Auction claims it's selling vial with Ronald Reagan blood
A Channel Islands auction house says it's selling a vial that allegedly contains blood residue from Ronald Reagan a move denounced on Tuesday by the late US president's foundation.
The vial being auctioned online was used by the laboratory that tested Reagan's blood when he was hospitalized after a 1981 assassination attempt in Washington, the PFCAuctions house said.
John Heubusch, executive director of the Ronald Reagan Presidential Foundation in California, condemned the auction and vowed to try to halt it.
Bidding for the vial had passed the 7,000-pound (USD11,000) mark on Tuesday, the house said, and the auction ends on Thursday.
"If indeed this story is true, it's a craven act and we will use every legal means to stop its sale or purchase," Heubusch said in a statement. "We've spoken to GW (George Washington) Hospital and are assured an investigation as to how something like this could possibly happen is underway.
"Any individual, including a president of the United States, should feel confident that once they enter into the care of a medical system their privacy and rights are held inviolable," he said.
The auction house on the Channels Islands between England and France said on its website that the blood vial did not come from the Washington hospital that treated Reagan but from the Bio Science Laboratory in Columbia, Maryland.

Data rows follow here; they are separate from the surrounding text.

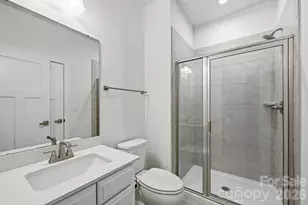 11006 Sound Rd, Davidson, NC 28036 - Photo 6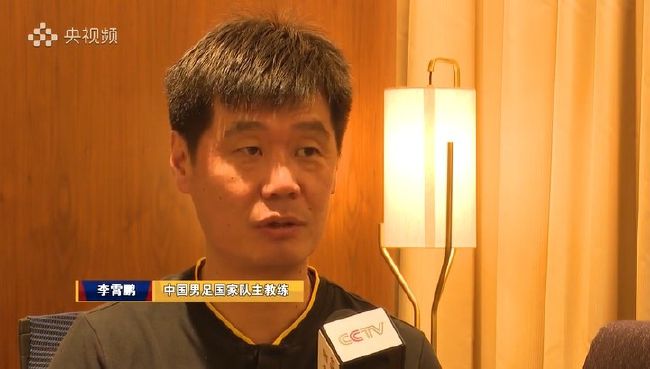 小苹果未删减版电影在线观看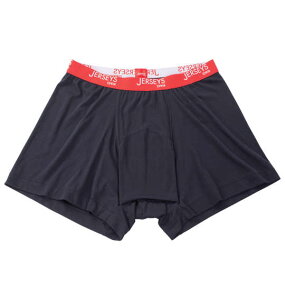 傫TCYY EDWINJERSEYS[Q[WK[[jbggNX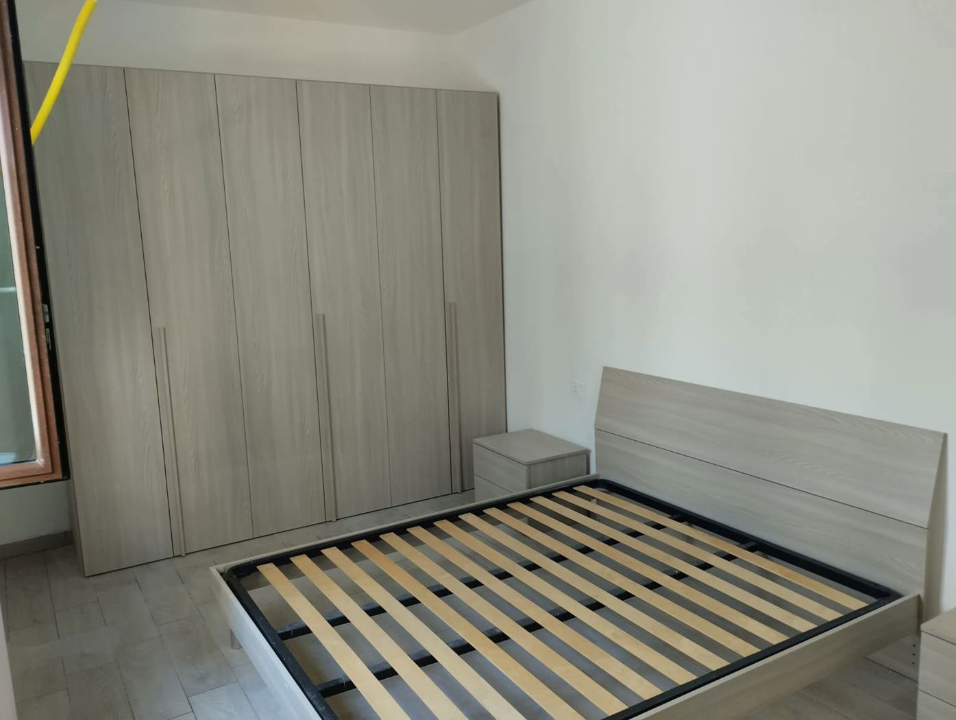 Casa Indipendente - Image 2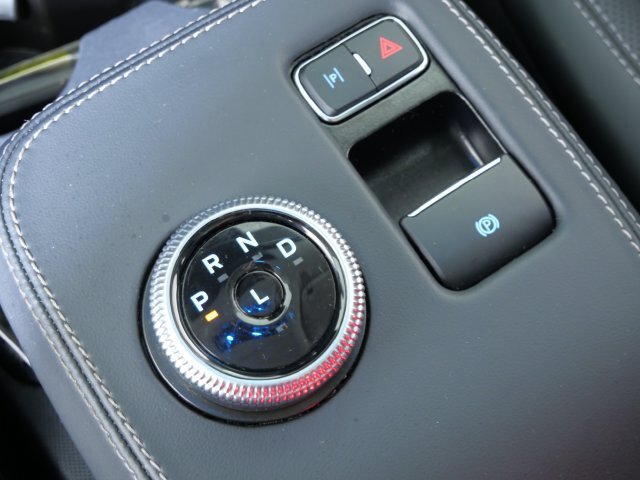 Certified 2024 Ford Mustang Mach-E Premium AWD/4WD image 26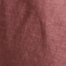 OXBLOOD RED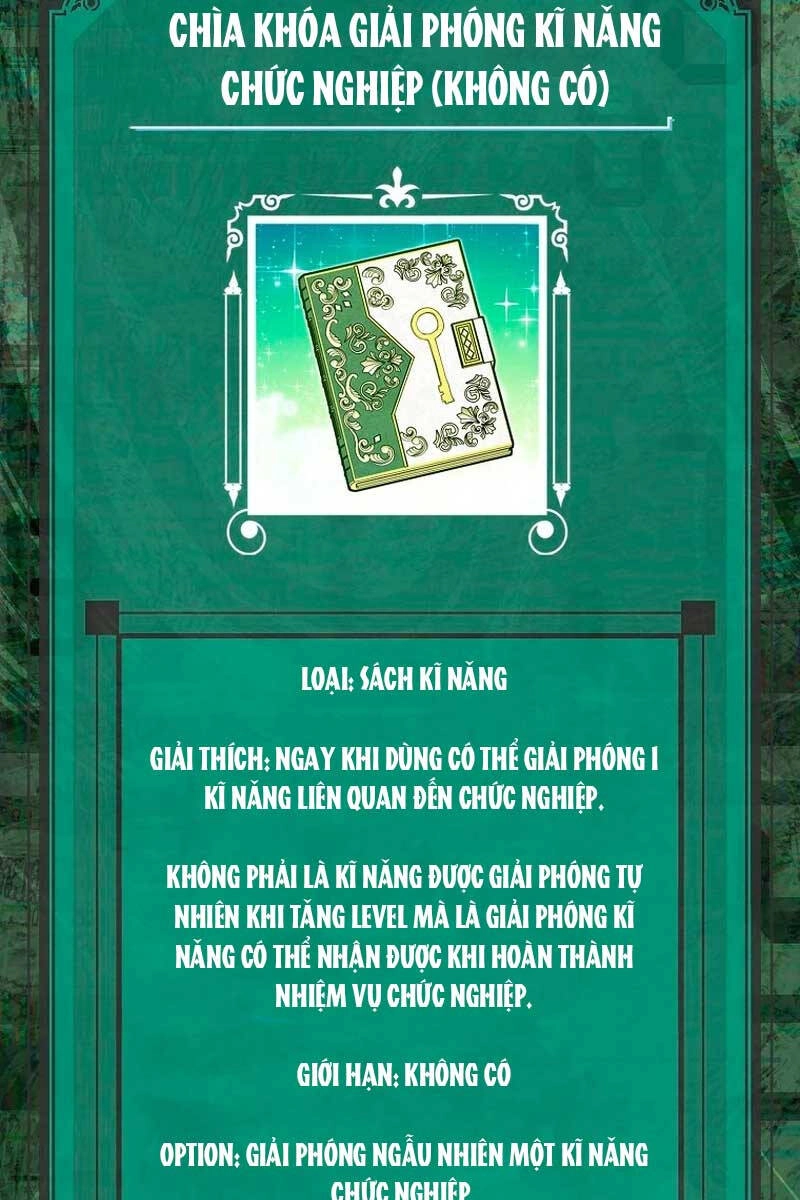 Ranker Mộng Du Chapter 75 - 71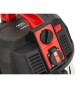 NAC Vysavač NAC VC140S-25-KL 1400W 6371405 - thumb (3)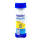 Probierflasche Fresubin ENERGY FIBRE Drink Vanille 1x200ml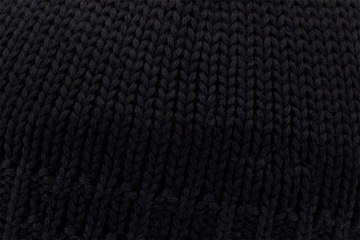 ШЛЯПА EISBAR TROP BLACK MU SP 403302 009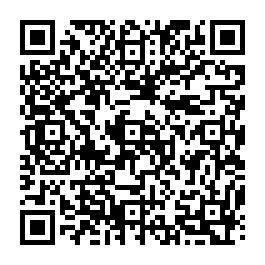 Partagez la fiche de la sépulture de DEYBER-MOUILLE-TAGLANG-LEGRAND   avec ce QRCode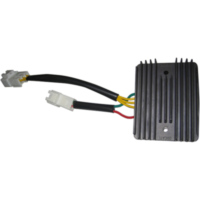 SGR 34906203 Regualtor / Rectifier  for Aprilia, Piaggio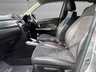 USED 2018 18 SUZUKI VITARA 1.4 Boosterjet S SUV 5dr Petrol Manual ALLGRIP Euro 6 (s/s) (140 ps) 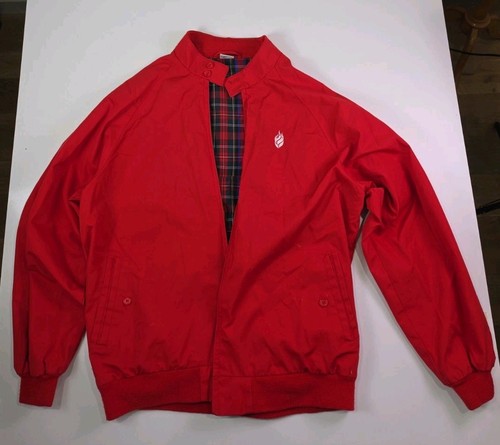 Vintage izod lacoste - 80's,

The item is a five-inch glass vial that is one half-inch in diameter and has a green rubber stopper. The auction house says it clearly contains traces of dried blood.
The vial is being sold by a man whose late mother took it from the laboratory with permission weeks after the tests were made, auction house spokeswoman Kylie Whitehead said.
"No one from the foundation or from the family has complained to us," she said on Tuesday. In a statement on the auction house's website, the seller said he tried to interest the Reagan library in purchasing the vial from him but did not succeed. He said the lab director told his mother she could take it.
The auction house website says the seller claimed he was a supporter of Reagan's conservative economic policies and believes the late president would have wanted him to sell the vial rather than donate it.